Without naming anyone, he said some specific figures were trying to overthrow the current government. Government officials should also stop fueling differences as such acts would produce damaging consequences for the country, he added.
However, lawmaker Mullah Tarakhel said that president’s programs should be supported.
“Some circles inside and outside of the government are serving the interests of neighboring Iran and creating problems for Afghanistan, we should implement projects such as dams, transit and others by supporting this system, because we have no other alternative,” he said.
Another lawmaker, Mohammad Iqbal Safi, said some regional countries were against major water controlling projects in the country. He said some MPs knowingly and unknowingly were working for benefits of enemies.
The lawmaker also talked about elections while some of his colleagues came hard on the US ambassador remarks regarding Dostum and Eshchi case.
Elections
A number of lawmakers called for summoning Independent Election Commission (IEC) officials to brief the house on how the next year’s elections would be held.
Abdul Rauf Ibrahimi, Wolesi Jirga speaker, said the government had violated the law by delaying the Wolesi Jirga and district council polls.
The Wolesi Jirga was going to summon IEC officials in few days to clarify how security would be ensured and what about financial matters and non-interference of government authorities in the process.
It has been scheduled the Wolesi Jirga and district councils’ poll will be held on July 7, 2018.
Condemnation of US Ambassador’s remarks regarding 1st VP case
Hugo Llorens, the US Ambassador to Kabul, on July 11 asked the Afghan government to investigate charges against 1st VP Gen. Dostum carefully and in a transparent manner. He said the government should not come under pressure in investigating the case in order to show the world the country was committed to the rule of law.
Nasrullah Sadiqi Zadanili, a public representative from Daikundi province, said: “The remarks by the US Ambassador were aimed at damaging the reputation of some figures, this is a legal case and it has nothing to do with the ambassador.”
He also accused the Afghanistan government of politically playing with the case, saying this move would have negative results.

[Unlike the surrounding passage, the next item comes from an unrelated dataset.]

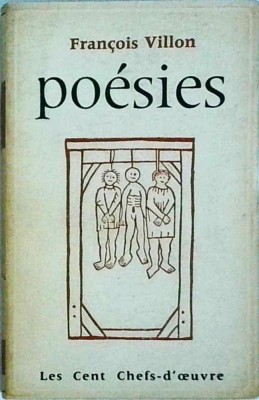 Francois Villon - Poesies foto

Fatima Aziz, a lawmaker from Kunduz province, said the US ambassador’s remarks had brought under question the soverignity of Afghanistan and the ‘conspiracy’ needed to be tackled.
She asked the president to not let foreign ambassadors meddle in Afghanistan’s internal and legal cases because it would result in people’s irritation.
Allah Gul Mujahid, a legislator from Kabul, said: “No one particularly foreigners have the right to intervene in the 1st VP’s case or demand its trial outside the country.”
He also foreigners’ intervention was behind all miseries and they should not be stopped from inteferring in the country’s internal affairs. Until foreigners existed in Afghanistan, such issues would never end in the country, he believed.
A number of other members of the house also wanted foreign intervention in internal affairs of Afghanistan to be prevented, especially in the Gen. Dostum-Eshchi case.
Speaker Ibrahimi said judicial organs were independent in their proceedings and should be impartial in their acts.
He said judicial organs should not come under pressure from foreign concerns because giving attention to foreign voices would cast doubt on the judiciary’s impartiality.